Use the breakdown to decide where to spend effort:

* **Clip changes dominate** — each `ClipsChildren` container forces a begin on entry and another on exit. Forms controls add clipping containers freely, so a list or grid with many clipping items drives this number up. Reduce it by removing `ClipsChildren` where it isn't needed.
* **Texture sets are high** — pack sprites, fonts, and the single-pixel texture onto shared PNGs (see [SinglePixelTexture](/gum/code/performance-and-optimization/singlepixeltexture.md)).
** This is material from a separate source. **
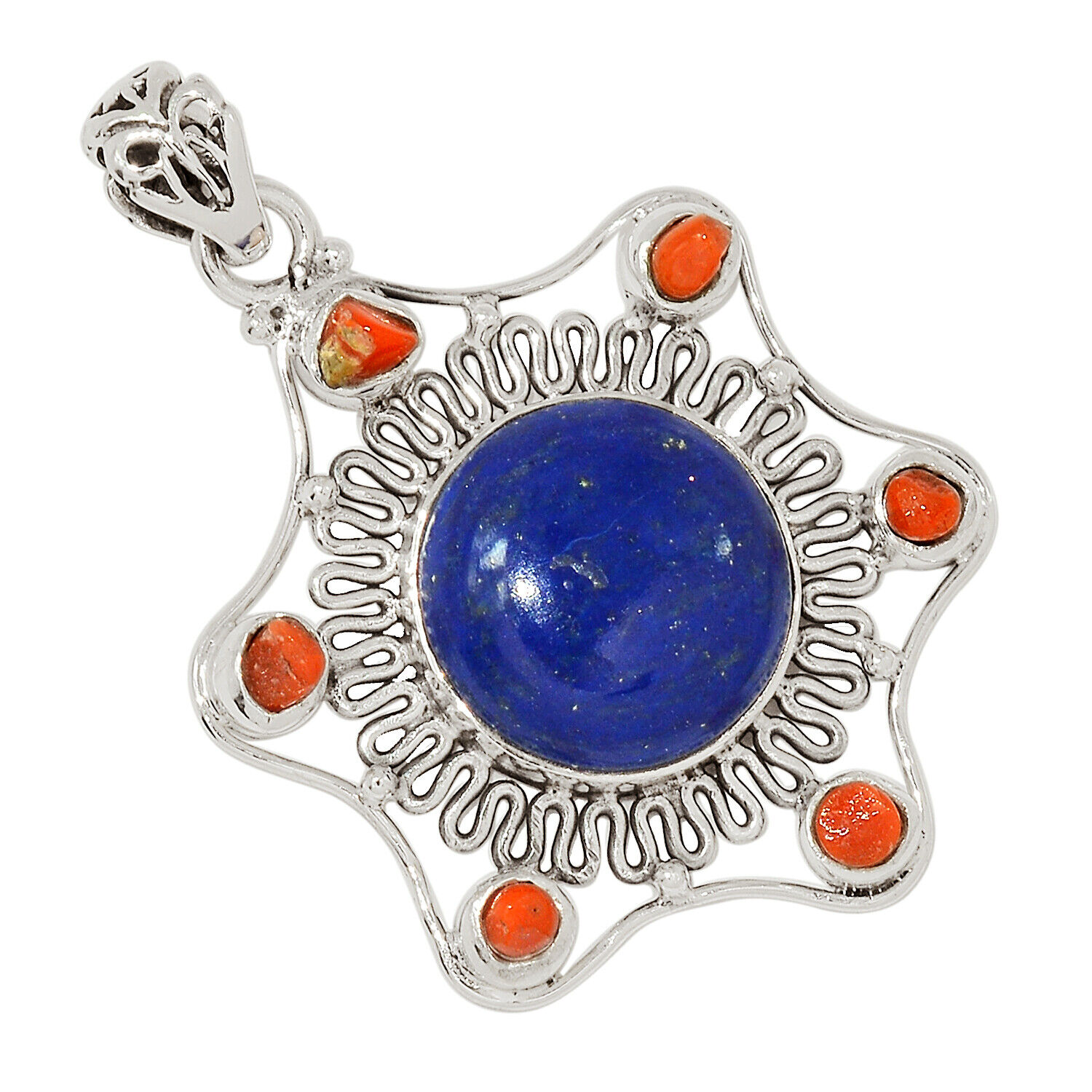 Natural Lapis Lazuli & Coral 925 Silver Pendant Jewelry ALLP-21319 STRP1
* **`Apos.Shapes` is high** — your scene mixes the `SpriteBatch` and Apos.Shapes batchers, which is the case [BatchKeyGroupedOrderer](/gum/code/performance-and-optimization/batchkeygroupedorderer.md) targets. `SpriteBatch.Begin` counts (the other rows, and the total reported by `LastFrameDrawStates`) do not include Apos.Shapes begins, so this row is the only one the grouped orderer can reduce.

{% hint style="info" %}
The clip-versus-state split is a heuristic. Clip-exit begins are identified exactly; clip-enter begins are inferred from whether the begin's renderable clips its children. A renderable that both clips and changes a non-clip state in the same begin is counted as a clip change. The totals are exact; only the clip/state attribution is approximate.